The shortest path property states that given the start vertex a is on level 0, and the end vertex b is on level i, the path from a to b is i edges away, and any alternative path is at least i edges away. In other words, the number of levels separating the vertices a and b also define the shortest possible distance, and any path following these levels is also the shortest possible path. Any other path cannot be shorter than that, but it could be at least as long, or longer.
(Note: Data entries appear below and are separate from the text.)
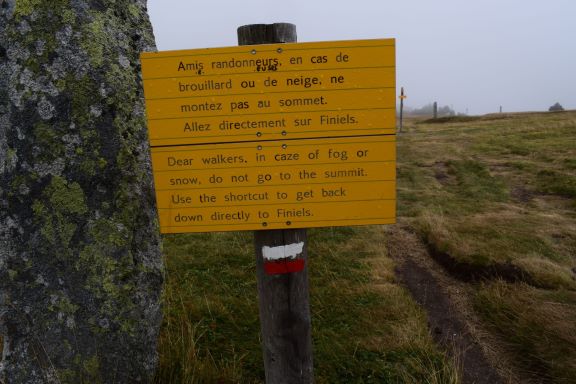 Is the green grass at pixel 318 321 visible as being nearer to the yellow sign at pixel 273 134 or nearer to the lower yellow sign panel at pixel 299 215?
the lower yellow sign panel at pixel 299 215

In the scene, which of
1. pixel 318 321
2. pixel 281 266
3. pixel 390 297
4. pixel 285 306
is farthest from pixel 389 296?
pixel 281 266

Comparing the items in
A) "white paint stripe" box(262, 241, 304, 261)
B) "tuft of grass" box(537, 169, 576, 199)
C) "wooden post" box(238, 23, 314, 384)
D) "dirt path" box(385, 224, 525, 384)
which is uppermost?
"white paint stripe" box(262, 241, 304, 261)

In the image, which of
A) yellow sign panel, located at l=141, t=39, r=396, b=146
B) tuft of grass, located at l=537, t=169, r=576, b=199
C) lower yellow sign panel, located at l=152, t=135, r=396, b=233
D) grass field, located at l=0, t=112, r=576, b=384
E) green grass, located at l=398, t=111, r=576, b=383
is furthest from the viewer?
tuft of grass, located at l=537, t=169, r=576, b=199

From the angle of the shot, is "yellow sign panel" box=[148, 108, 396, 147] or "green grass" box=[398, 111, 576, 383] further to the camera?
"green grass" box=[398, 111, 576, 383]

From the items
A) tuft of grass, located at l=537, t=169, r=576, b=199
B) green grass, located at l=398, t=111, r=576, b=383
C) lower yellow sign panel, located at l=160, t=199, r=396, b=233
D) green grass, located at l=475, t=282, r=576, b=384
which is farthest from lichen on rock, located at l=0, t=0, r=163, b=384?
tuft of grass, located at l=537, t=169, r=576, b=199

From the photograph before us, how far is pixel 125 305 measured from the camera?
3.07 m

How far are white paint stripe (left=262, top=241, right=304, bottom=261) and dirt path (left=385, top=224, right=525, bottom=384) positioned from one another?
2.10m

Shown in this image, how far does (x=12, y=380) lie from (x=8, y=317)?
1.58ft

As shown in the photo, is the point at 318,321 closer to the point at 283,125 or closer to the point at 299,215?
the point at 299,215

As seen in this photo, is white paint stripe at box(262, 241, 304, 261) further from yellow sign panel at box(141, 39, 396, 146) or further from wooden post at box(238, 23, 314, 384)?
yellow sign panel at box(141, 39, 396, 146)

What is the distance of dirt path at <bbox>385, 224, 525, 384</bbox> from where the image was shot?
3986 mm

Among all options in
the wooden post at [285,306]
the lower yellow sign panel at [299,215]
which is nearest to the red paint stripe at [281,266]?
the wooden post at [285,306]

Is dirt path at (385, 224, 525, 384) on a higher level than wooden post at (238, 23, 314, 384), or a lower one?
lower

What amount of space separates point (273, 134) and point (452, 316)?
11.7 feet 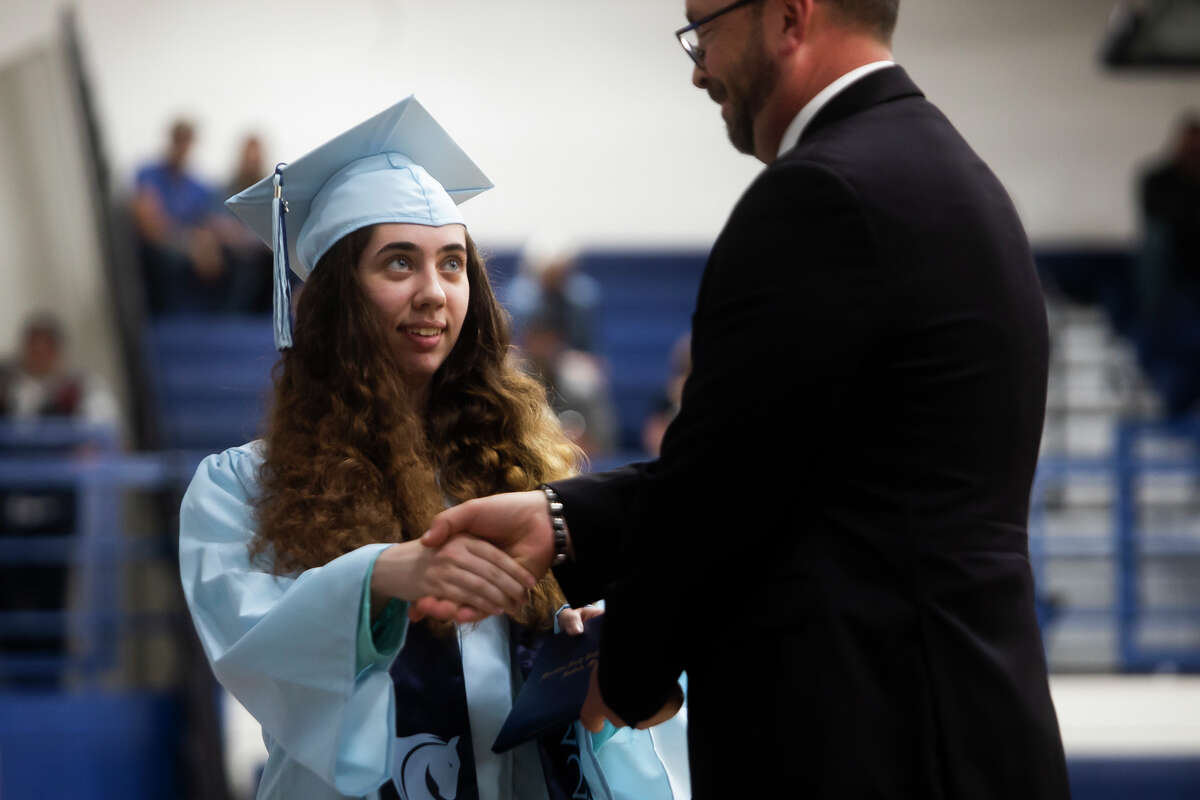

How is BFS Implemented in Python?

The implementation of our breadth-first search algorithm by a function BFS() has several parameters. The graph parameter expects an initialized Graph object. The start parameter takes the starting vertex, which we choose as we like (remember, a graph is not a tree, there is no absolute root). The visited parameter references a map, i.e. a dictionary of visited vertices whose values are the edges along the search path. The parameter is defined externally so that we can resume the search at a later moment and construct the search path. The target parameter is the entity we want to find in the graph, enclosed in a vertex. For a better understanding of the algorithm and implementation, each step is precisely described in the code below.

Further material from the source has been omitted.